À 5 exceptions près, les 40 œuvres exposées appartiennent au MBAM. Il y a aussi de nombreuses estampes de Dumouchel dans des collections québécoises, dont celles de Loto-Québec, du Musée national des beaux-arts du Québec, du Musée d’art de Joliette ou de Bibliothèque et Archives nationales du Québec. Le musée aurait pu élargir ce regard sur le travail graphique de Dumouchel avec une expo de plus grande envergure, compte tenu du fait que les occasions de faire briller les arts de l’imprimé sont rares au Québec, mis à part lors de la Biennale internationale d’estampe contemporaine de Trois-Rivières. Mais aussi parce que cet artiste n’a pas eu droit à une expo au MBAM depuis 61 ans. La dernière exposition sur son œuvre gravée remonte à 1974, au Musée d’art contemporain de Montréal.

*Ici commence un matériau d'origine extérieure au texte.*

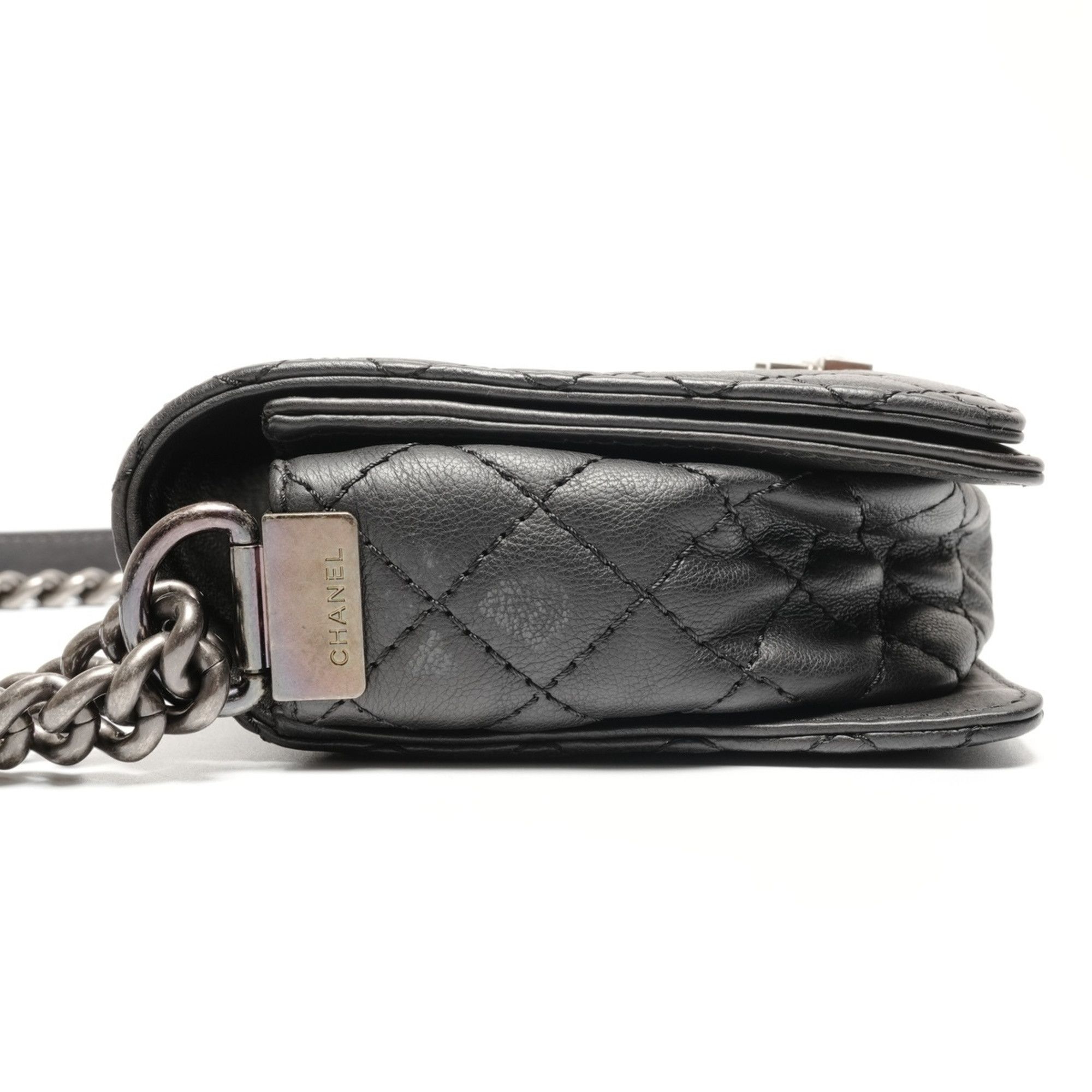 Chanel CHANEL Boy Chanel Gunmetal Chain Shoulder Bag 2013-2015 Black WS27137 Size ONE SIZE - 4 Thumbnail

Anne Grace dit que l’option d’une grande exposition n’a pas été retenue. Le Musée des beaux-arts de Montréal veut désormais privilégier « une connexion entre le public et [sa] collection ». « Pourquoi regarder ailleurs alors qu’on a un fonds si important d’œuvres de Dumouchel ? », dit Mme Grace. « C’est déjà très bien comme ça, ajoute Peggy Davis. C’est une exposition concise, mais extrêmement riche. Ça n’empêchera pas d’autres projets à l’avenir. »

Du 8 février au 8 avril prochains, deux autres volets de l’exposition seront présentés. Un sur les matrices de Dumouchel au Centre de design de l’UQAM, un autre sur le livre, les archives et les artefacts, au Centre des livres rares et collections spéciales de l’UQAM. « Il y aura aussi un colloque sur l’estampe, du 16 au 18 février, à l’UQAM et à l’Atelier circulaire, qui réunira des artistes et des historiens, ce qui sera un bon remue-méninges autour de la question de l’estampe aujourd’hui », dit Peggy Davis.

Des ajouts intéressants à cette exposition admirable, représentative et instructive grâce à des cartels généreux en informations. Espérons toutefois qu’un musée québécois consacrera un jour une grande rétrospective à la mesure de ce génie de la gravure qui s’est aussi exprimé par la peinture, la photographie et l’édition.

Révélations : les estampes d’Albert Dumouchel dans la collection de l’UQAM, jusqu’au 26 mars, au MBAM.